This month marks the 25th Anniversary of the North American release for Super Mario Bros. 3 in 1990, essentially the swan song of the original Nintendo Entertainment System (NES).
The game is claimed now by several generations of gamers, since its 1988 Japanese release on the Famicom, as quite possible the best platformer ever made, if not overall game period. The only real competition for the “Best Game Ever” title people vie for is the series’ blueprint entry, the original Super Mario Bros from 1985, and the original Legend of Zelda from 1986.
All of which are the inspired creations of Shigeru Miyamoto, the man who defined the way games are played, built and designed with his whimsical style and personality after he re-legitimized games with the original arcade Donkey Kong.
His team, the internal Nintendo R&D4 studio, with colleague Takashi Tezuka, digitally built these mesmerizing worlds of the Mushroom Kingdom complete with music composed by Koji Kondo that play in the back of the minds of millions of people, making even fonder memories of Miyamoto’s creations.

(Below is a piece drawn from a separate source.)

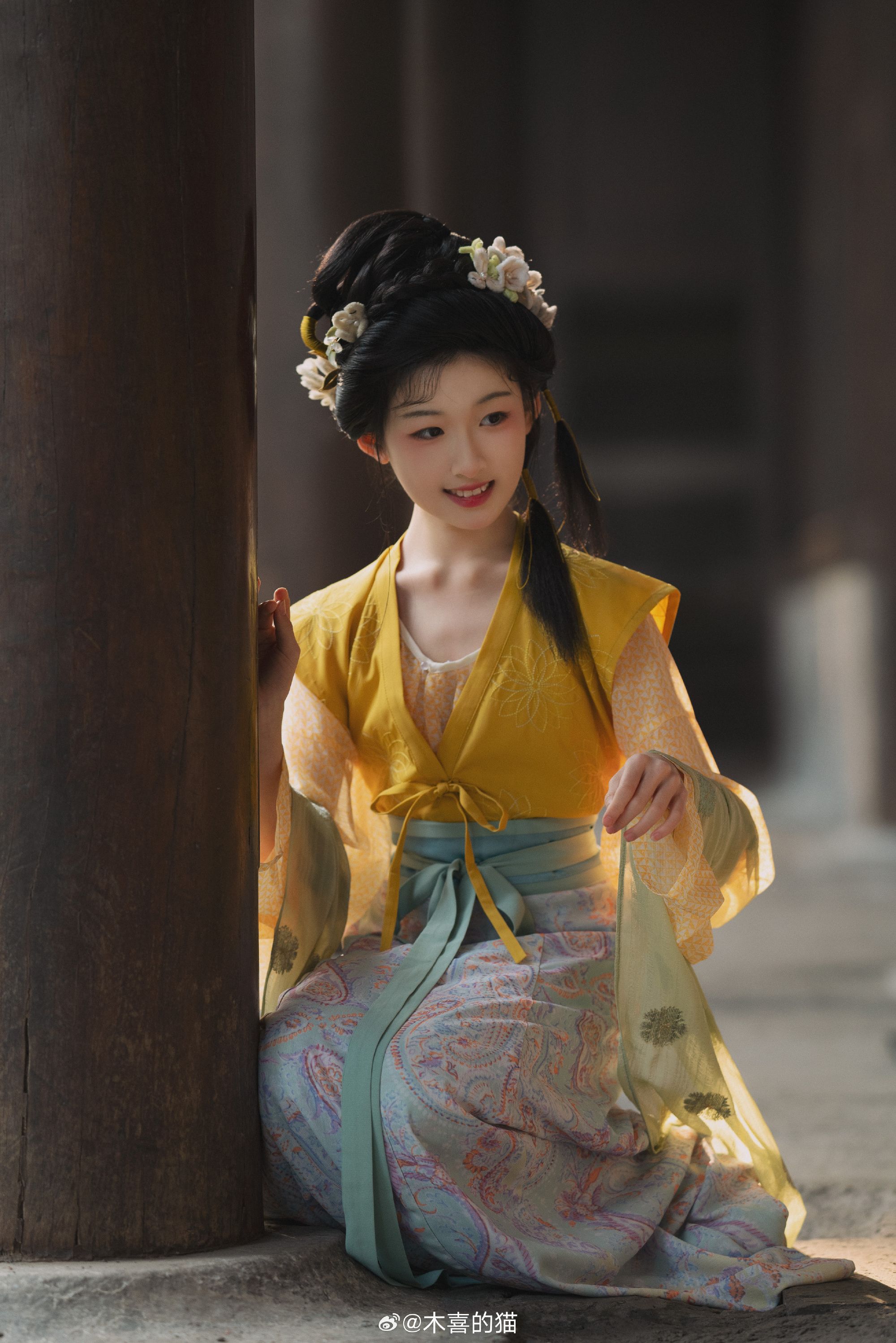 Qiu Jingyi’s Hanfu Style in Yun Xi Zhuan’Exploring the Elegance of Traditional Chinese Costume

There are several things that make Super Mario Bros. 3 such a timeless, revolutionary piece of gaming history, and the fact that it was the focus of a 1989 movie, The Wizard starring Fred Savage, before it’s release doesn’t even compare to the actual reasons. Pretty cool, though. Well, about as cool as the Power Glove actually turned out.
What Super Mario Bros. 3 did is what many people love The Legend of Zelda’s third installment for on the Super Nintendo in 1991, in that it built on the original game’s successful features, and polished them to perfection. The worlds featured more color, more items, more expressive enemies, and general features that make the original look like a simple arcade title. Instead, you are given something that felt so personal as something that could only be played in a home, that it left a Nintendo mark of quality on its audience. Not only that, but the game was optimized for exploring levels beyond a flat, left-right direction, and allowed players to travel backwards, and fly up in a diagonal direction, thanks to the first addition of the series’ now famous Tanooki Suit, in which mario flies with a brown raccoon costume. Don’t ask, I still don’t get how that works.
As if being a great game wasn’t enough to praise SMB3, it was frankly the biggest commercial success gaming had ever seen for years, selling 11 million copies in it’s first two years between the U.S. and Japan alone, and still sits among the top selling games of all time, only recently surpassed by titles like Grand Theft Auto V and Minecraft.
The game has been re-released on several Nintendo platforms in the time since it’s release, including a full remake in Super Mario Advanced 4 for the Game Boy Advance in 2003. It is currently available on the Virtual Console Shop for the Wii and Wii U, and should absolutely be played by anyone as a piece of history in design, building on a success, and in general fun.
In a Koopa shell, this is Super Mario at his finest.